Basically everything I love about the filmmaking process would be reworked so the audience can whip their head around. If the user is control of camera movement and can make interactive choices is that even a movie? I'd consider it more of a video game.

April 26, 2016 at 10:02AM

Stephen Herron

I totally hear where you are coming from, but many of the people making VR are coming from traditional filmmaking, and the ones who are doing it well are those who are embracing what's best in both forms of media. A lot of the VR films now are stories, with points of view and dramatic arcs, but they allow for more exploration and points of view to be shared at once.

April 26, 2016 at 12:38PM

Liz Nord
Documentary Filmmaker/Multi-platform Producer

Yeah, it's definitely an interesting medium and I can't really judge until I've seen a good VR film, but that's also a big issue with the format, convincing creators and audiences to invest in it. Great write up though, helpful for peeple who want to experiment with it.

April 26, 2016 at 1:58PM

Stephen Herron

VR isn't the future of filmmaking. Films will always be better told on a screen. I love new technology but some new technology is vaporware. VR filmmaking is the equivalent of the apple watch.

April 26, 2016 at 12:23PM

Zachary Will

The thing that strikes me as silly about VR for cinematic purposes is that it introduces vast amounts of visual information but only say 15-20% of potential viewing has any real relevance. If I'm in a workshop, watching someone working on a motorcycle, why would I even want the option to stare at the wall "behind me". It feels like an extremely inefficient use of visual information and a lazy way to just throw vast amounts of information at people and expect them to construct their own experience.

To obtain the same efficiency out of a single 360 frame as filmmakers can with a single traditional frame, you would have to cram enormous amounts of relevant information at which point, the sheer volume would be too much for an audience to even take in. Unless you limit your movie to staying at fixated points long enough for people to absorb everything you've put into a single 360 degree frame.

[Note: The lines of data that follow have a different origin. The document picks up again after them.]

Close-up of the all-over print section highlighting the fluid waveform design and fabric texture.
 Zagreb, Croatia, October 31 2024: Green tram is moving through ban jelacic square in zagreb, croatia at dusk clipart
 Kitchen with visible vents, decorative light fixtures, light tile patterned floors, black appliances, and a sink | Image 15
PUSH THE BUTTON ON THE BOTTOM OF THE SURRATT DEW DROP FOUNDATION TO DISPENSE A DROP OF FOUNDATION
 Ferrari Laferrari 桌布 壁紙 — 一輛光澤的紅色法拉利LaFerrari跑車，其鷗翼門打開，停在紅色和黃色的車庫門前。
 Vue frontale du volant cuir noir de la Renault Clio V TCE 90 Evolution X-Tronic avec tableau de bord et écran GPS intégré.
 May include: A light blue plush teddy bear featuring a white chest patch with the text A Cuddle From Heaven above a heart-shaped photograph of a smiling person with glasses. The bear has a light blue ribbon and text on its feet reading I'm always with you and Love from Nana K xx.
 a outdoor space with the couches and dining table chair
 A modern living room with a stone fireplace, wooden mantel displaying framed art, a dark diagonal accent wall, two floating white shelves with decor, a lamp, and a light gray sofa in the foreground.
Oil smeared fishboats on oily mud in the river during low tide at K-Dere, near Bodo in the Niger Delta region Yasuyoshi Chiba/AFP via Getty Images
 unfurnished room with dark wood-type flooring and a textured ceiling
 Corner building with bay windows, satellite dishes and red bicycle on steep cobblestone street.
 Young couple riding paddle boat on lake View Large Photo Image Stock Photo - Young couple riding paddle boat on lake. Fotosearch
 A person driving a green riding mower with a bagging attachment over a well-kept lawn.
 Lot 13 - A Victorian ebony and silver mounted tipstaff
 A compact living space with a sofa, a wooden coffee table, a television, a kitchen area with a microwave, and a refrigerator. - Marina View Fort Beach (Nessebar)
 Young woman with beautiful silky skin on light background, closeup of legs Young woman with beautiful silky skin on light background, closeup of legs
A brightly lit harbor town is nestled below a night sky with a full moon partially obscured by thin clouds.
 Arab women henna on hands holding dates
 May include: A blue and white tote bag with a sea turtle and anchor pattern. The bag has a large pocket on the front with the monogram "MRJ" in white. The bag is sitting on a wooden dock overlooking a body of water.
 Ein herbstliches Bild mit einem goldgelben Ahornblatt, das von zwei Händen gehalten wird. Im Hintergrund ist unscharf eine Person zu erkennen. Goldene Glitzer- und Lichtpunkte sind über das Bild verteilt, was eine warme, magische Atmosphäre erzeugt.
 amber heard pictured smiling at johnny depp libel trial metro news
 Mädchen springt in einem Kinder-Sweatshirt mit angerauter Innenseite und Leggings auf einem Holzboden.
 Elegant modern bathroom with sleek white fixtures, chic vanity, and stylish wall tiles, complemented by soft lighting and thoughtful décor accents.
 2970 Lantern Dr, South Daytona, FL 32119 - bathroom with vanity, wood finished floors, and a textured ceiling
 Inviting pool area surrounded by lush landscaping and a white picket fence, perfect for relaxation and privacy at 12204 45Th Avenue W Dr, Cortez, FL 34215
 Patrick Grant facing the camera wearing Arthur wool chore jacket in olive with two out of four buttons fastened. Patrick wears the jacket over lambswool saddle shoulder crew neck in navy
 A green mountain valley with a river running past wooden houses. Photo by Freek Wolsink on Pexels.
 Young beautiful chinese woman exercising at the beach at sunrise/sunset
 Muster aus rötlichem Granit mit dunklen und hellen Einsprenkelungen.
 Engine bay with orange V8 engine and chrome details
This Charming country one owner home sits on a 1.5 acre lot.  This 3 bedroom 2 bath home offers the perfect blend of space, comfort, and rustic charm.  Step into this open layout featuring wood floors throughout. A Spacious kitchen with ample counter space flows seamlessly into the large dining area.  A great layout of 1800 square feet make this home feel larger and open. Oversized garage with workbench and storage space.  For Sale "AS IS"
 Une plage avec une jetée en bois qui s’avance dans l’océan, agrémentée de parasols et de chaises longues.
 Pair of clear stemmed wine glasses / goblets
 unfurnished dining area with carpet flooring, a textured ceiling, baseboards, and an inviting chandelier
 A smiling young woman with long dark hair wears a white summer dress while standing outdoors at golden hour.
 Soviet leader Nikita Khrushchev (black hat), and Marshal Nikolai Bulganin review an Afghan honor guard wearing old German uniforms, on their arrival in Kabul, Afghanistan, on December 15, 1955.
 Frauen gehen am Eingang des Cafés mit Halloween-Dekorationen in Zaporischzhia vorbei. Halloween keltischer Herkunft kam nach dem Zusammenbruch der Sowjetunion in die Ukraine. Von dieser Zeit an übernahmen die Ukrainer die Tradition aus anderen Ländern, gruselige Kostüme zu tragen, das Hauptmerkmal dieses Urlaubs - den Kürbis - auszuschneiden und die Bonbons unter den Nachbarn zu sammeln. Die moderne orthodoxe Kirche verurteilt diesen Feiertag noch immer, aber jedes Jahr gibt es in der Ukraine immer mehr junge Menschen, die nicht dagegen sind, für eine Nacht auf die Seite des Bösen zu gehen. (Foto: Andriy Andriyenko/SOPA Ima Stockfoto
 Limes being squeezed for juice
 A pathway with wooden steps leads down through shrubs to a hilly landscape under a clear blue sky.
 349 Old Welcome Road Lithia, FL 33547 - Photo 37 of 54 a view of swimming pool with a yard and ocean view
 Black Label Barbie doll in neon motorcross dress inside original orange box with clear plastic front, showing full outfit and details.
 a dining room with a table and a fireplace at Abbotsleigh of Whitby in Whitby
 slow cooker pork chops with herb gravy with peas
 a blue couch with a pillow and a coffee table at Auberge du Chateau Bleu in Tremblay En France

I can see how VR would have great use in educational capacities and certainly interactive gaming (when the game is centered more on action than narrative substance), but there would have to be some major changes made for it to be practical for cinematic use, in my mind. The entire time I was watching "Jump', I felt like I wasn't getting enough out of any of the frames before I was violently shifted to the next location. I found myself having to pause and explore the entire environment before I could really let the scene sink in. And even then, I was constantly wondering whether or not I was missing something going on behind me that was equally as interesting as what was happening in front of me.

To make VR effective for cinematic use, there has to be a way to ensure audiences that whatever is going on behind them is not equally or more important than what they're already watching every step of the way. At which point, you've basically defeated the purpose of having a 360 degree field of view. But that, I feel, is what they need to address. It's a neat technology and the implications are exciting, I just think they have a loooong way to go before it will be a practical tool for filmmakers instead of just a kitch trend.

April 26, 2016 at 10:46PM

Daniel Vestal
Video Producer

VR while an interesting development benefits the game industry rather than the film industry considering that by definition, a game is an interactive medium whereas film is a passive medium. Then again, VR can apply film techniques to produce very interesting results.

April 27, 2016 at 12:33PM, Edited April 27, 12:34PM


Allumette was definitely the best VR experience at Tribeca.

The Samsung Gear is limited, but the HTC Vive is where it's at.